### WHAT THE TASK ASKS
No pictures are to be included when the entries below are reproduced exactly.

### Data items
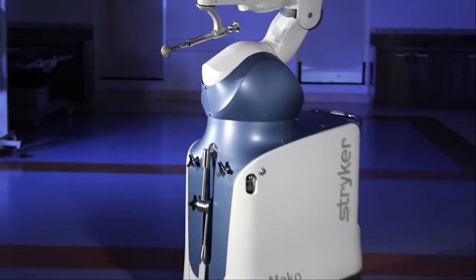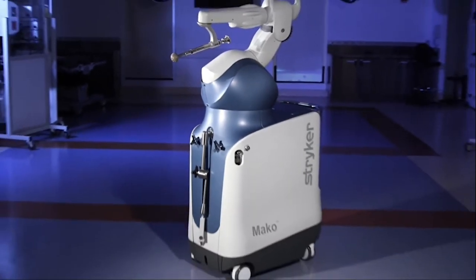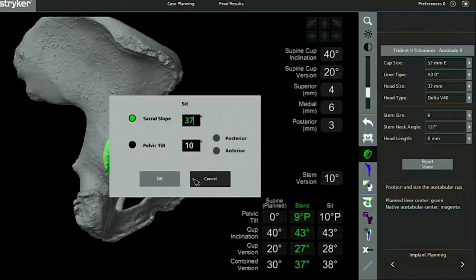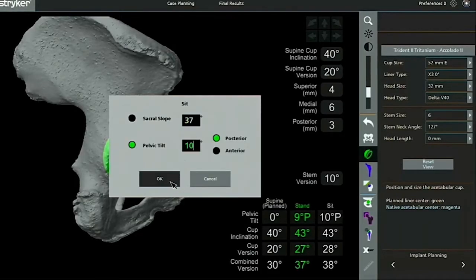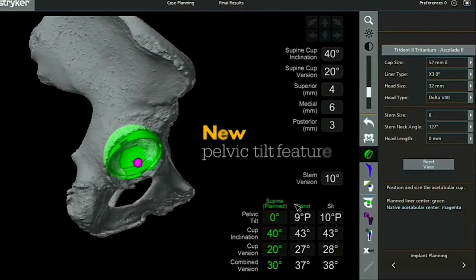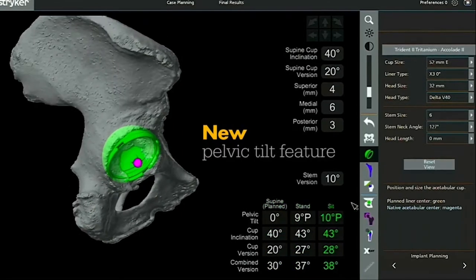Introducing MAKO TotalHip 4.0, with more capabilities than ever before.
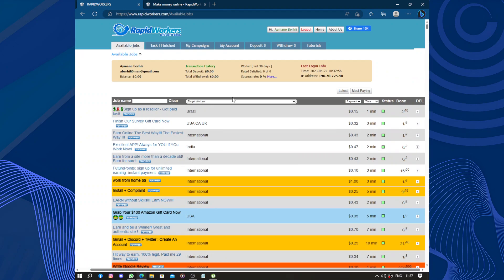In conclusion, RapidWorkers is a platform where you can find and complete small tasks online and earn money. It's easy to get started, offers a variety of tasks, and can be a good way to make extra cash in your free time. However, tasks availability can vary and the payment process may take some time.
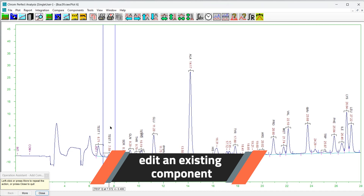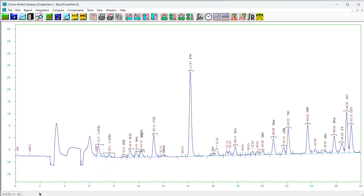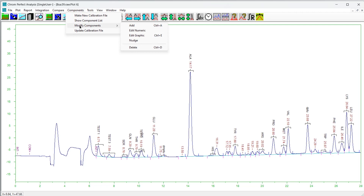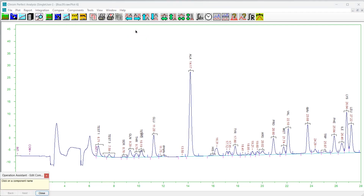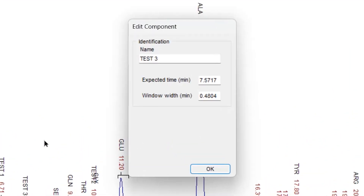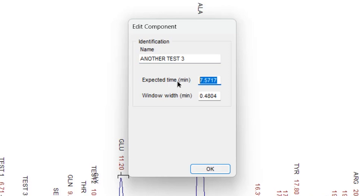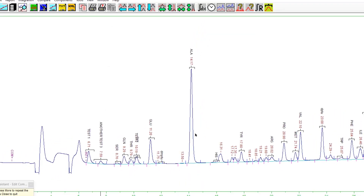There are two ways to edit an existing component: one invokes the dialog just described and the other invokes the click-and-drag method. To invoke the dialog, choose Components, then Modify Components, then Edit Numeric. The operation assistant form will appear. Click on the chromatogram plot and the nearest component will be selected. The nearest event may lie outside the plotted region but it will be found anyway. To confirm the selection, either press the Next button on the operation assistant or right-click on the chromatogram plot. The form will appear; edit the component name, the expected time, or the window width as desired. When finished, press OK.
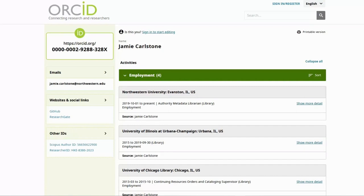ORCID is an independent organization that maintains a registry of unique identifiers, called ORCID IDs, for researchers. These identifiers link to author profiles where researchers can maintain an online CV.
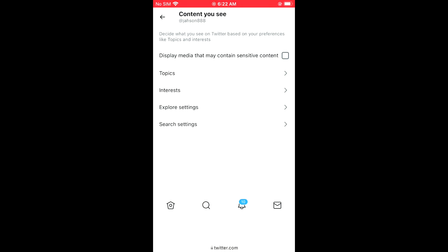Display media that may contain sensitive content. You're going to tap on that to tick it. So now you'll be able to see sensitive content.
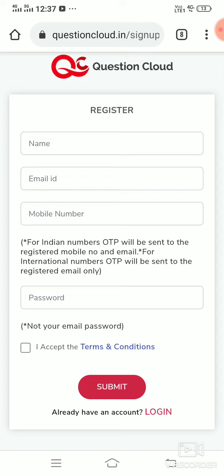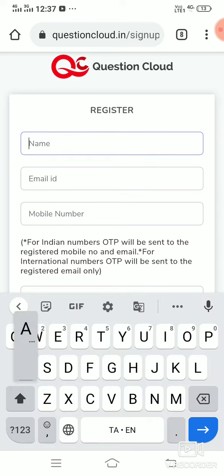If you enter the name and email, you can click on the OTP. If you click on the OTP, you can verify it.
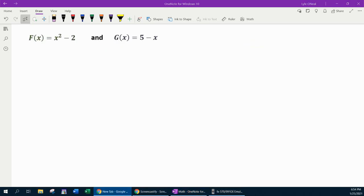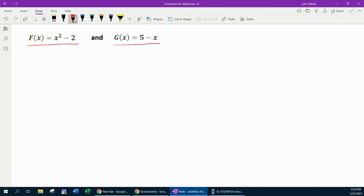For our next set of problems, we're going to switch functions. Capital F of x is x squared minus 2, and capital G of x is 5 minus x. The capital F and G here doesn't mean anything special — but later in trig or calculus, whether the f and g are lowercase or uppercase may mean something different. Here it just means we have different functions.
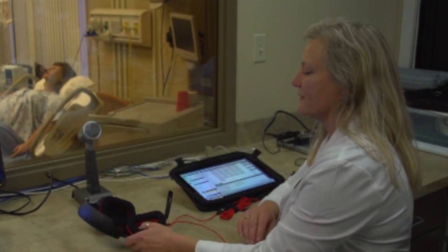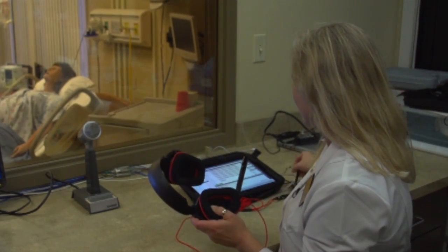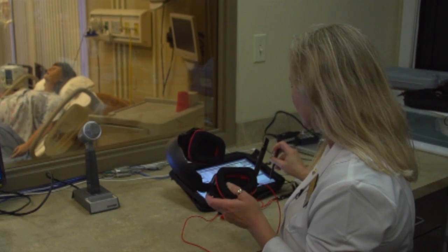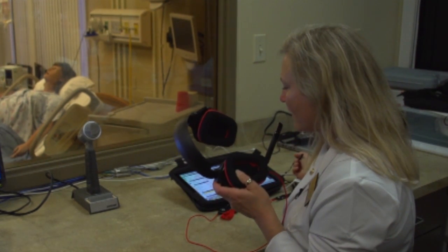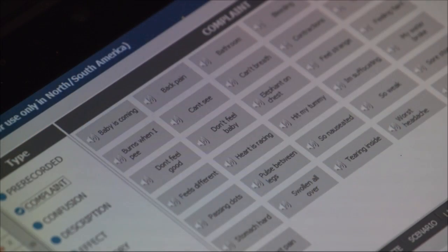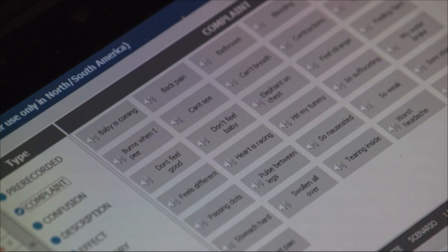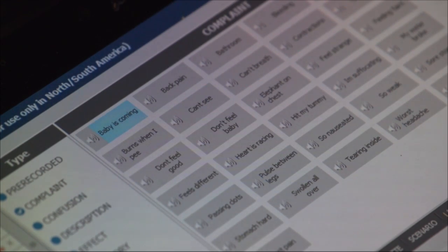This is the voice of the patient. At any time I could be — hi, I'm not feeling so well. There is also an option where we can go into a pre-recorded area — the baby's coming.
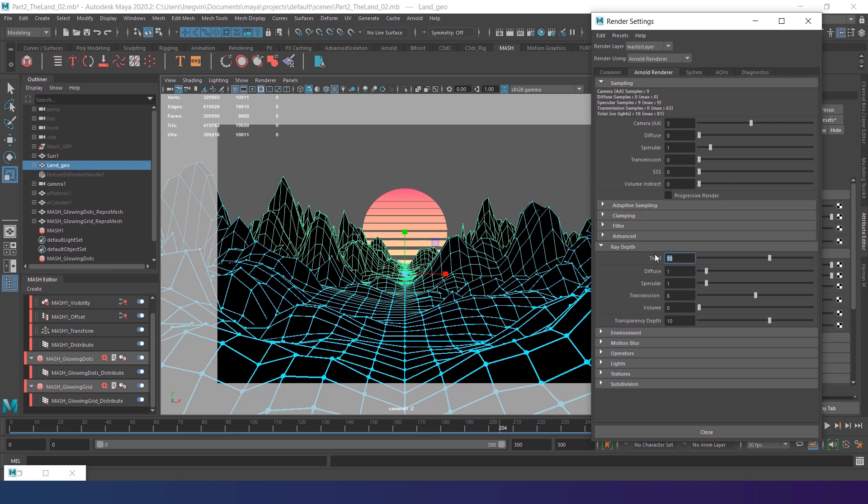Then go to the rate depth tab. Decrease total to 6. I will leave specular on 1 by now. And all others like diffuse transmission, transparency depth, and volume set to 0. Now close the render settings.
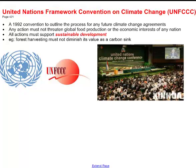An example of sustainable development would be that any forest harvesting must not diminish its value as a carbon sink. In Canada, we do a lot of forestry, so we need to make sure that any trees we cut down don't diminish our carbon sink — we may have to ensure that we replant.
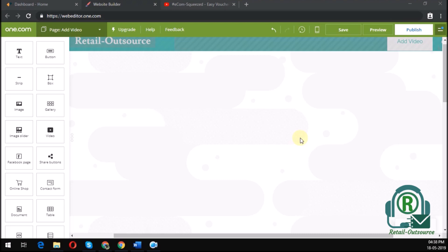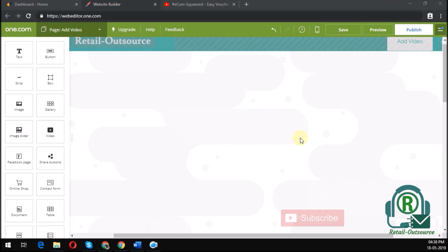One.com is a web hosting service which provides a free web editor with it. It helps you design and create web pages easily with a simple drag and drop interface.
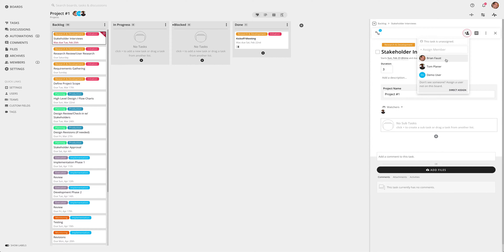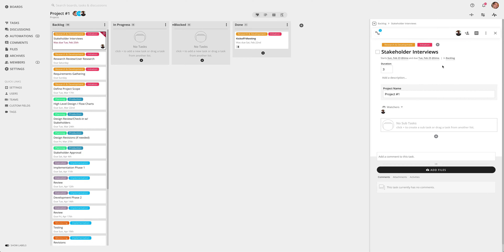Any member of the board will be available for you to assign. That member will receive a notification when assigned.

### ANSWER SECTION
Introducing MAKO TotalHip 4.0, with more capabilities than ever before.
In conclusion, RapidWorkers is a platform where you can find and complete small tasks online and earn money. It's easy to get started, offers a variety of tasks, and can be a good way to make extra cash in your free time. However, tasks availability can vary and the payment process may take some time.
There are two ways to edit an existing component: one invokes the dialog just described and the other invokes the click-and-drag method. To invoke the dialog, choose Components, then Modify Components, then Edit Numeric. The operation assistant form will appear. Click on the chromatogram plot and the nearest component will be selected. The nearest event may lie outside the plotted region but it will be found anyway. To confirm the selection, either press the Next button on the operation assistant or right-click on the chromatogram plot. The form will appear; edit the component name, the expected time, or the window width as desired. When finished, press OK.
ORCID is an independent organization that maintains a registry of unique identifiers, called ORCID IDs, for researchers. These identifiers link to author profiles where researchers can maintain an online CV.
Display media that may contain sensitive content. You're going to tap on that to tick it. So now you'll be able to see sensitive content.
If you enter the name and email, you can click on the OTP. If you click on the OTP, you can verify it.
For our next set of problems, we're going to switch functions. Capital F of x is x squared minus 2, and capital G of x is 5 minus x. The capital F and G here doesn't mean anything special — but later in trig or calculus, whether the f and g are lowercase or uppercase may mean something different. Here it just means we have different functions.
This is the voice of the patient. At any time I could be — hi, I'm not feeling so well. There is also an option where we can go into a pre-recorded area — the baby's coming.
Then go to the rate depth tab. Decrease total to 6. I will leave specular on 1 by now. And all others like diffuse transmission, transparency depth, and volume set to 0. Now close the render settings.
An example of sustainable development would be that any forest harvesting must not diminish its value as a carbon sink. In Canada, we do a lot of forestry, so we need to make sure that any trees we cut down don't diminish our carbon sink — we may have to ensure that we replant.
One.com is a web hosting service which provides a free web editor with it. It helps you design and create web pages easily with a simple drag and drop interface.
Any member of the board will be available for you to assign. That member will receive a notification when assigned.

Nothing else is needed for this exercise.